What Fall Aspen Gold Tells Us about Water

Hiker looks a rain gauge in an aspen grove.
This year's Colorado aspen leaf-peeping season was a fine one, and the reason is last winter's snowpack, reports the Colorado Sun.

With enough water and nutrients, deciduous trees can produce more leaves, creating denser foliage that offers even more of a spectacle to enthusiastic leaf peepers in the fall. 

This year, winter precipitation blanketed Colorado in a deep snowpack, which acts as a vital natural reservoir for the state’s water supply. By May, most of Colorado mountains had an average to above-average snowpack compared with historical records from 1991 to 2020, according to the Natural Resources Conservation Service.

The summer was cooler overall, and some parts of the state even received record rainfall. The state hasn’t seen many of the windy days, cold temperatures and snowfall in aspen stands that all contribute to falling leaves.

“It’s just shaped up to be a fantastic year to get out and see some of the colors in Colorado, and it’s a good year for trees in general in Colorado,” [said  Dan West of the Colorado State Forest Service].
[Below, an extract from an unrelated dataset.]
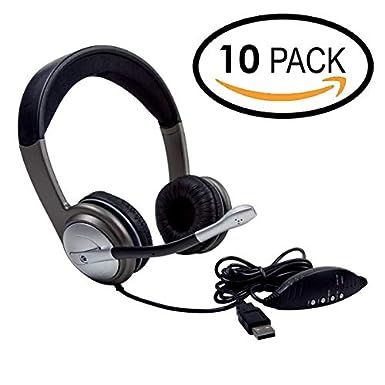 Egghead USB Multimedia Headset with Volume Control, EGG-IAG-3002-10-SO (Pack of 10)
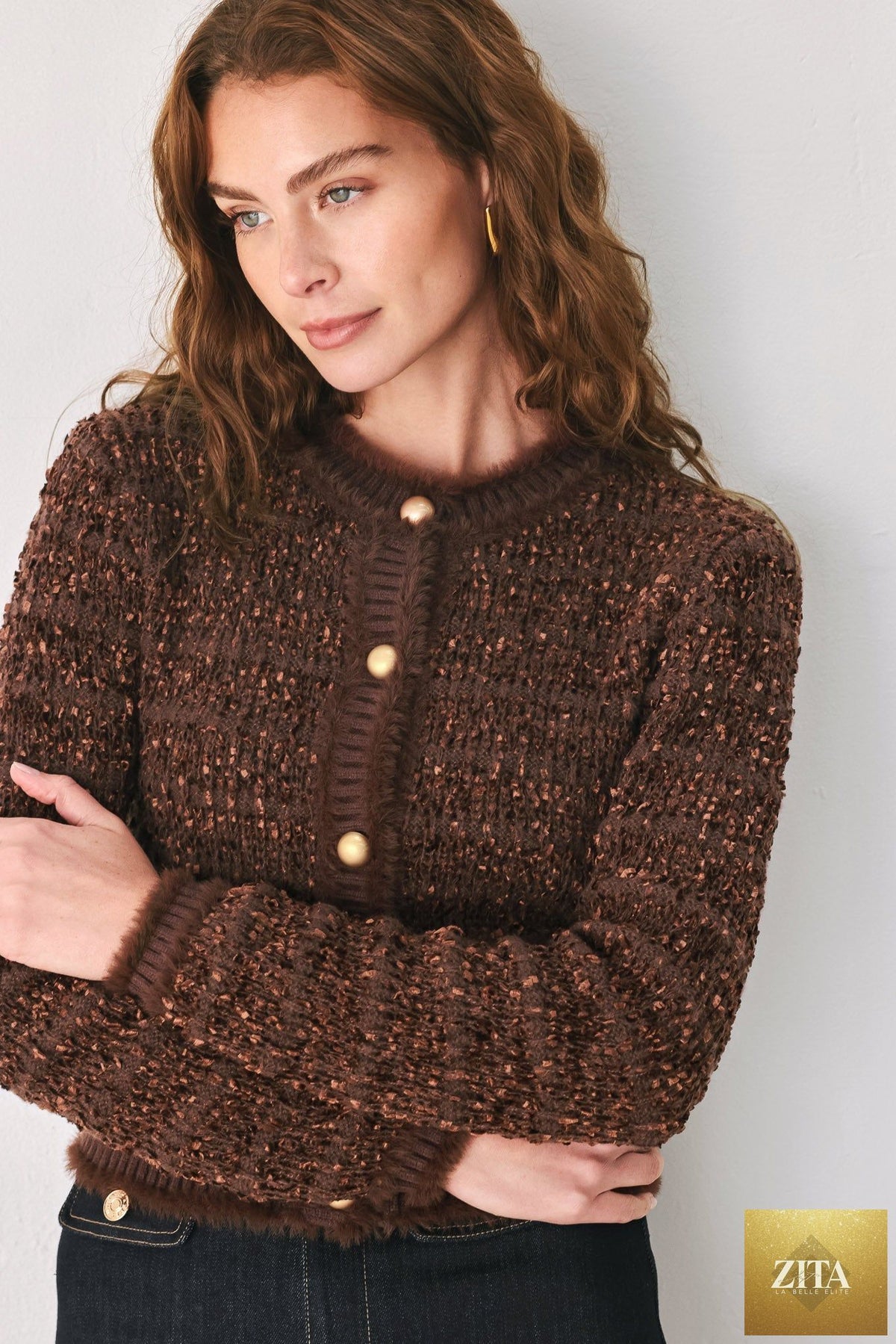 GEMSTONE GLOW BROWN JEWEL-BUTTON CROPPED CARDIGAN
With the wind coming in, the northern Colorado aspen leaf season is ending, but you can still see them in parts of southern Colorado into New Mexico.

The orange, yellow, and red scrub leaves are peaking down  here, but the Denver-centric media like the Colorado Sun don't mention those!

1 comment:

Darrell said...

There is a hillside NE of Breckenridge covered in aspen, very pretty. Some bored or industrious miner or hippie mountain man living up French Gulch decided to arrange a bunch of large rocks into geometric figures under the aspen--squares, triangle, stars and such, high up on the hillside. I discovered them by accident one day while out on a hike.

Friends and I climbed Mt Elbert long ago, going up the SE ridge from near Twin Lakes. There's a huge aspen grove along the way. Every tree in the area has a jog in its trunk 10 or 15 feet above ground, all in the same direction downhill. I assume it was from a large avalanche or such.

A guy could do worse leaf peeping than driving south from Florissant on Teller 1 Road (turn left at the old Thunderbird bar) and going to Cripple Creek. Plenty of aspen along the way, with a heckuva view of Pikes Peak and rock formations above Evergreen Station.